Салаки было много. Ее можно было ловить и ловить на тихой воде в ясные дни, не думая ни о волне, ни о ветре. Другое дело ряпушка.
Где была, где таилась весной и летом эта небольшая, но удивительная рыбка, почему не хватило ей теплых дней показаться, заявить о себе озеру?
Весной и летом ряпушка всегда куда-то исчезала. Но вот заряжали ледяные дожди, под хлестким северным ветром кипело озеро, и с глухим тяжелым рокотом крушила прибрежные камни тупая осенняя волна. Эта волна вместо пены и брызг швыряла на берег комья сырых листьев, измолоченные ветром метелки тростника и набухшие кубарики–бочечки с семенами кувшинок.
Иногда волна надолго уходила, и озеро испуганно стихало перед новым морозом.

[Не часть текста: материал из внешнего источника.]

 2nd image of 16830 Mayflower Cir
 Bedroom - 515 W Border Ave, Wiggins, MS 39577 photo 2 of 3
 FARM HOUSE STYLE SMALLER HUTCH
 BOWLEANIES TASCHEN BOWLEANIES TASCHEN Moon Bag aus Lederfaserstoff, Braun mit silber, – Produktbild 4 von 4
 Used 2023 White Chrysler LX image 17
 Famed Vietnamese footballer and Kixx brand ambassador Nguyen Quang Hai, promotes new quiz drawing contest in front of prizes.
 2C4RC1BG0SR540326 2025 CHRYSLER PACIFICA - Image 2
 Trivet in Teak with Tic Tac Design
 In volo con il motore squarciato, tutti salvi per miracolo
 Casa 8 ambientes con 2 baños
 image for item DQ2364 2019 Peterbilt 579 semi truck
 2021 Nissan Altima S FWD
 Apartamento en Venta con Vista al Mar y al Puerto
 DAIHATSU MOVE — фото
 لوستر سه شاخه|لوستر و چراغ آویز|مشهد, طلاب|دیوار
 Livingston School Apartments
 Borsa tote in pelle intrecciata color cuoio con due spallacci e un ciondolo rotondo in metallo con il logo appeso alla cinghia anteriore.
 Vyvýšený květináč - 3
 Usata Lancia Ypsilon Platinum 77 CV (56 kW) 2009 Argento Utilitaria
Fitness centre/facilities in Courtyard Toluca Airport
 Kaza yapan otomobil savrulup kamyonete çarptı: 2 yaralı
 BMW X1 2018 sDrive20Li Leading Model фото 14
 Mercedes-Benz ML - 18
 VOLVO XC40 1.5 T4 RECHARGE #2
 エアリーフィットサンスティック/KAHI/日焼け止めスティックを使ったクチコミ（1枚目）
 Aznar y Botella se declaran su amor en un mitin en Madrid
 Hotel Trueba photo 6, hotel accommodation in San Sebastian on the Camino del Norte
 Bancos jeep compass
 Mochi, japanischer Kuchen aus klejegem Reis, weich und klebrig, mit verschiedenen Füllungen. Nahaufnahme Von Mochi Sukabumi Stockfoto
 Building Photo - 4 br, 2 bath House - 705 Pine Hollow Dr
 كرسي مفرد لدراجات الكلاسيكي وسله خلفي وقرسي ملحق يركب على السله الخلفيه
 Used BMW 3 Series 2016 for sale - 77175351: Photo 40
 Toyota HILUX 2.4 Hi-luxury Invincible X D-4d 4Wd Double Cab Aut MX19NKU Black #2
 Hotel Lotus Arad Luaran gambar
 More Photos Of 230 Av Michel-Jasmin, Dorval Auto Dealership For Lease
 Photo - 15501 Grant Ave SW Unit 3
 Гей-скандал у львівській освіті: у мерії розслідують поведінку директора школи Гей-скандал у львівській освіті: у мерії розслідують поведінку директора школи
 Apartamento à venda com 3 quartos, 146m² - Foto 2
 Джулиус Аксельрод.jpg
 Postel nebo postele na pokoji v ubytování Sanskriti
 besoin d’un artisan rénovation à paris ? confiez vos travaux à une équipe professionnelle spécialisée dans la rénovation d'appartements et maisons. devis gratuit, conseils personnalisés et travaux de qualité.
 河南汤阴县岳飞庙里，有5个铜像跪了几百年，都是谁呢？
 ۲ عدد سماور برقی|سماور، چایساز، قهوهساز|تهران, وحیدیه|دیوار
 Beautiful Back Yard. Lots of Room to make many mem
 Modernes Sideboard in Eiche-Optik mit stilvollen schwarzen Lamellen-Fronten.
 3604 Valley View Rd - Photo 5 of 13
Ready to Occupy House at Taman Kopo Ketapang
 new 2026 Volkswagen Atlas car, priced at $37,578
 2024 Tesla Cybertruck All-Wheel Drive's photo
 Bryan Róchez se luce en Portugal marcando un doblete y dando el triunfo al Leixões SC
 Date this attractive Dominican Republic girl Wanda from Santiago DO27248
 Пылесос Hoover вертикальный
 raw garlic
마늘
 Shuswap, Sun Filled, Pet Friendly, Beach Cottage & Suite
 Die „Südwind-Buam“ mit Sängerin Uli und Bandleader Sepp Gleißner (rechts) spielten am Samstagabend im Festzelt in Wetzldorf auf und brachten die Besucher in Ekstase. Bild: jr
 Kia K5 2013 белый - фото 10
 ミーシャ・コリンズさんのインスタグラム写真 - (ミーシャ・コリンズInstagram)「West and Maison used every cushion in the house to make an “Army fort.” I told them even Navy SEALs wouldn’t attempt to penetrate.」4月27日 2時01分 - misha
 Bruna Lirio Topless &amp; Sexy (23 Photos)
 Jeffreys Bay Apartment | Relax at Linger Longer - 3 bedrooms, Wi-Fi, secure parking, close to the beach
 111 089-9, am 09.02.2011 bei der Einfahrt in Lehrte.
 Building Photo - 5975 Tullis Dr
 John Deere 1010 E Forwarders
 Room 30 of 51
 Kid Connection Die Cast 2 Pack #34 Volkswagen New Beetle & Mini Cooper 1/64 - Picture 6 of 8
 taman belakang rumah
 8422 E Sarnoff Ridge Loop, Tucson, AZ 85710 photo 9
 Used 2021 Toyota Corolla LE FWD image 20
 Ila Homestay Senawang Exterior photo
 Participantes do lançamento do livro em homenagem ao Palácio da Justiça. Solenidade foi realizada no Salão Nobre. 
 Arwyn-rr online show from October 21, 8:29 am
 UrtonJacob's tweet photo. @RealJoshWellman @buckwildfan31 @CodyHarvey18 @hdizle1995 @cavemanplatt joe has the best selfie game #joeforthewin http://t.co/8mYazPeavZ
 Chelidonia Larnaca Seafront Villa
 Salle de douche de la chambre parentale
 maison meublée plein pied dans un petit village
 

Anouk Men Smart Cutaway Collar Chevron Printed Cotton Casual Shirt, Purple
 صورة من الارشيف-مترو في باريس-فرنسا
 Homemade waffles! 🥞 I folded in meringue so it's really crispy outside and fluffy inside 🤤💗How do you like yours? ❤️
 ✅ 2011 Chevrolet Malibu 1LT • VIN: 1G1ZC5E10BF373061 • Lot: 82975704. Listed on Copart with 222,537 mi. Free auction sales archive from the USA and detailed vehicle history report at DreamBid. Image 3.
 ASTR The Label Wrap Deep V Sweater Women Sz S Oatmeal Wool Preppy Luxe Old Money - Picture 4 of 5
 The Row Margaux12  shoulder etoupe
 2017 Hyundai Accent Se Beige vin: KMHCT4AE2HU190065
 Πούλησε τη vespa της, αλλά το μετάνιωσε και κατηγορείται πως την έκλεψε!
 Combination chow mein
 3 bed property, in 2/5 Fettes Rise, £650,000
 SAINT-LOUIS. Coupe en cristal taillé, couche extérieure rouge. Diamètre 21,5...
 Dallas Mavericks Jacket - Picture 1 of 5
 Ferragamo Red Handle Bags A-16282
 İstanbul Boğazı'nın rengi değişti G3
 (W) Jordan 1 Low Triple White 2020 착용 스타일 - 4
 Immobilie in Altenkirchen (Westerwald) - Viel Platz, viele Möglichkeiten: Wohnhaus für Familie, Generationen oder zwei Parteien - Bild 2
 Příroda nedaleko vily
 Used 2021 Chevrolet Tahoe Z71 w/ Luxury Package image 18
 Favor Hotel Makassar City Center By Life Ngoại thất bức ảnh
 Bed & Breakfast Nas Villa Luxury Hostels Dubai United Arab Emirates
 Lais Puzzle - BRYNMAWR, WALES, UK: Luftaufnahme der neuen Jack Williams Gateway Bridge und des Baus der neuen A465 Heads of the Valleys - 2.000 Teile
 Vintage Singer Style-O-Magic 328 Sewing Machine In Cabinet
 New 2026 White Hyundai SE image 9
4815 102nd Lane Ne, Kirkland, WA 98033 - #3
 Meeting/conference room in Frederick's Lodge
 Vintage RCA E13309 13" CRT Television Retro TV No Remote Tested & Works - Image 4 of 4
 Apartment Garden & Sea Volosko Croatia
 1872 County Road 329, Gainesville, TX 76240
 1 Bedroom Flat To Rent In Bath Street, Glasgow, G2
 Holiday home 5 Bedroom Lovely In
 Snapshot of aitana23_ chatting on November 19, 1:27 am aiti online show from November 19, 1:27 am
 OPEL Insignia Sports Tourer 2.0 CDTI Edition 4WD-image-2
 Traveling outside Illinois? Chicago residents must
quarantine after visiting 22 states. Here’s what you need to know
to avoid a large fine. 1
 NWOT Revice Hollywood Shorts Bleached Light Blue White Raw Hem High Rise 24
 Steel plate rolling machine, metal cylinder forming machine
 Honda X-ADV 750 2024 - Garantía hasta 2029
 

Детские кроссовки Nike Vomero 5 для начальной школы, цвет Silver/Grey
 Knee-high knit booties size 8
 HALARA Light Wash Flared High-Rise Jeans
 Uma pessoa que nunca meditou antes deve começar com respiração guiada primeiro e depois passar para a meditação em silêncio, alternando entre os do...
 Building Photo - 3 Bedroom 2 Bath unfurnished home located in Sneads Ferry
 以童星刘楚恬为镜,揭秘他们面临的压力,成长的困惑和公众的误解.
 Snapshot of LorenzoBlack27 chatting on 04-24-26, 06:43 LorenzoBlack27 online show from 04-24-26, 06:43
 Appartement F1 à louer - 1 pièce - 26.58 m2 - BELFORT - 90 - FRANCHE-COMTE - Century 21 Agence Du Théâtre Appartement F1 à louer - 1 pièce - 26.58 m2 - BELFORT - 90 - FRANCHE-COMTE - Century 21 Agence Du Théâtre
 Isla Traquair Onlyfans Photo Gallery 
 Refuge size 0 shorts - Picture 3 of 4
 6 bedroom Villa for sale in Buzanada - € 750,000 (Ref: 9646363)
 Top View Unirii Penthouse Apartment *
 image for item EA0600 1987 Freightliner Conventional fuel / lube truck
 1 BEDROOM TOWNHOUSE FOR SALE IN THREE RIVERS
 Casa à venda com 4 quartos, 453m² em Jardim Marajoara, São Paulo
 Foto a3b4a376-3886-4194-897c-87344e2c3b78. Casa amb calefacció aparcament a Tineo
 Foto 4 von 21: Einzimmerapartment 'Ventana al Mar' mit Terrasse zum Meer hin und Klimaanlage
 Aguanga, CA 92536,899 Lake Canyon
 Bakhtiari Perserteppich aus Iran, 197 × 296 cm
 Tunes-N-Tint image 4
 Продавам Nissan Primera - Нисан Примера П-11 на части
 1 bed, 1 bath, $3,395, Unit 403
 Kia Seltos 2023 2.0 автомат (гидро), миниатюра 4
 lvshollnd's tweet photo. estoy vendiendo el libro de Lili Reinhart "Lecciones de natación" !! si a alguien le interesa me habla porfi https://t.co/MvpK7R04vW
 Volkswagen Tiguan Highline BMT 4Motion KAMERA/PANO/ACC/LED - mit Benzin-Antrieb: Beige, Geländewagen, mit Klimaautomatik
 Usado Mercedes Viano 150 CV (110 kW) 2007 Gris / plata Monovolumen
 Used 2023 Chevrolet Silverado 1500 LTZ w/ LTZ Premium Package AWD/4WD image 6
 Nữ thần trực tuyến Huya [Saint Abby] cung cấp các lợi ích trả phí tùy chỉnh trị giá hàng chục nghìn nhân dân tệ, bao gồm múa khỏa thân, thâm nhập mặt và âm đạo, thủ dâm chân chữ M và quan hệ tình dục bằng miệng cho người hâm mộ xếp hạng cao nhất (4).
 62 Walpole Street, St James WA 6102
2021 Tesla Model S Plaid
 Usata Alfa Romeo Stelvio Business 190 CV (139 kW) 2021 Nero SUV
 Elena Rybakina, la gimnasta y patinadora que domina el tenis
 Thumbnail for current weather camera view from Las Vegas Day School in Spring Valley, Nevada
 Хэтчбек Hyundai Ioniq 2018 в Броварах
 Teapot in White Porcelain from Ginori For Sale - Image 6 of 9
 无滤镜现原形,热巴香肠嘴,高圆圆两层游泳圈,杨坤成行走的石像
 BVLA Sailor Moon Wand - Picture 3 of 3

Мороз являлся тут же, вымазывал камни толстой ледяной коркой и запекал метелки тростника, обрывки листьев и бочечки кувшинок в мерзлые крутые валы.
Эти валы тянулись вдоль всего берега как раз по тому месту, куда дальше всего выбегала волна, и, наверное, поэтому казались главным ударным редутом зимы — сюда зима уже выбиралась из озера, и отсюда с новым северным ветром и новыми ледяными волнами она пойдет еще дальше вслед за очередным шквалом.